Va bene, lo ammetto: era un calcio di rigore a porta vuota. La prima puntata del primo reality al mondo sulla letteratura ha confermato tutti i timori della vigilia: quasi un disastro.
Nel momento in cui scrivo non conosco i risultati in termini di audience, ma non mi stupirebbe se, nonostante la collocazione assassina alle 22:50 della domenica, Masterpiece avesse fatto registrare un buon ascolto.
Ma cos’è che non mi è piaciuto?
Facile: si tratta di un prodotto televisivo sulla letteratura e non di un prodotto letterario trasportato in TV. Il linguaggio, lo stile, il pubblico di riferimento, è quello degli spettatori e non quello dei lettori. Non mi stupirebbe se si scoprisse che ad apprezzare il format fosse soprattutto il pubblico di X Factor.
La prima puntata ha raccontato casi umani, ha cercato di fidelizzare lo spettatore ai concorrenti per cui fare il tifo, trascurando quasi completamente il motivo per cui questi erano lì: la scrittura.
I giudizi dei giudici (o le parti che vengono mostrate al pubblico) sono sommari, viene estrapolata qualche frase e letto pochissimo (praticamente nulla) dei testi sui quali si basa il giudizio.
Nessun riferimento (se non puramente nominale) agli scrittori di riferimento dei concorrenti, alle loro caratteristiche stilistiche, agli errori, anche più comuni, nella stesura del testo.
“Non bisogna mai essere banali e colmare la distanza fra il testo e la vita vera”.
Questo il principale e forse unico insegnamento che giunge dai giudici in questa prima puntata, se lo si sa estrapolare da una dozzina di abusati cliché: dall’operaia dalla vita difficile che non vuol più stare in fabbrica al trentenne che ha vissuto in strada e usa espressioni come “scendere all’inferno e ritorno”, dall’ex detenuto cui i giudici spiegano che “non sempre il carcere peggiora le persone”all’ateleta che non fa sesso ma ci tiene a precisare che pratica la masturbazione, fino ad un ebreo che prende le distanze dall’ebraismo e che vanta ricoveri per disturbi mentali passando per l’anoressica che ha superato il suo dramma grazie ad una gravidanza e che ora vuole condividere la sua esperienza.
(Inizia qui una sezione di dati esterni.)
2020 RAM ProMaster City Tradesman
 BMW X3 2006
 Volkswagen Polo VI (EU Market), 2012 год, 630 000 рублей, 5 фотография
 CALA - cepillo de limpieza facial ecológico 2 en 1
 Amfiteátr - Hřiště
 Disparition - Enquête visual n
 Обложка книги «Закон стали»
Il tutto, condito dai pareri di uno scrittore bonario, di uno arcigno al limite del credibile e di una bellissima, esotica e accomodante.
Anche il finale, con l’occasione della vita è già visto, rivisto, narrato e digerito: in ascensore, con una donna potente e terribile, un solo minuto per convincerla.
Insomma, se la narrazione doveva essere al centro del programma, si può ben dire che si è trattato di narrazione di bassissima qualità, forse nonostante le buone intenzioni degli interpreti.
Se i dati di ascolto dovessero premiare Masterpiece, credo che gli autori farebbero bene a cambiare rotta: meno spazio alla vita dei non-scrittori, (meglio ancora se, almeno in questa fase preliminare, questo aspetto venisse completamente ignorato), più spazio ai loro scritti.
So che non è televisivo permettere la lettura dei testi, ma si potrebbero pubblicare degli stralci online e soprattutto si potrebbero sfruttare meglio le competenze di Giancarlo De Cataldo, Andrea De Carlo e Taiye Selasi, dando maggiore spazio ai loro commenti, alle motivazioni dei loro giudizi, alle sottolineature degli errori marchiani e più ricorrenti degli aspiranti scrittori e all’individuazione di quello che invece, a parer loro, funziona.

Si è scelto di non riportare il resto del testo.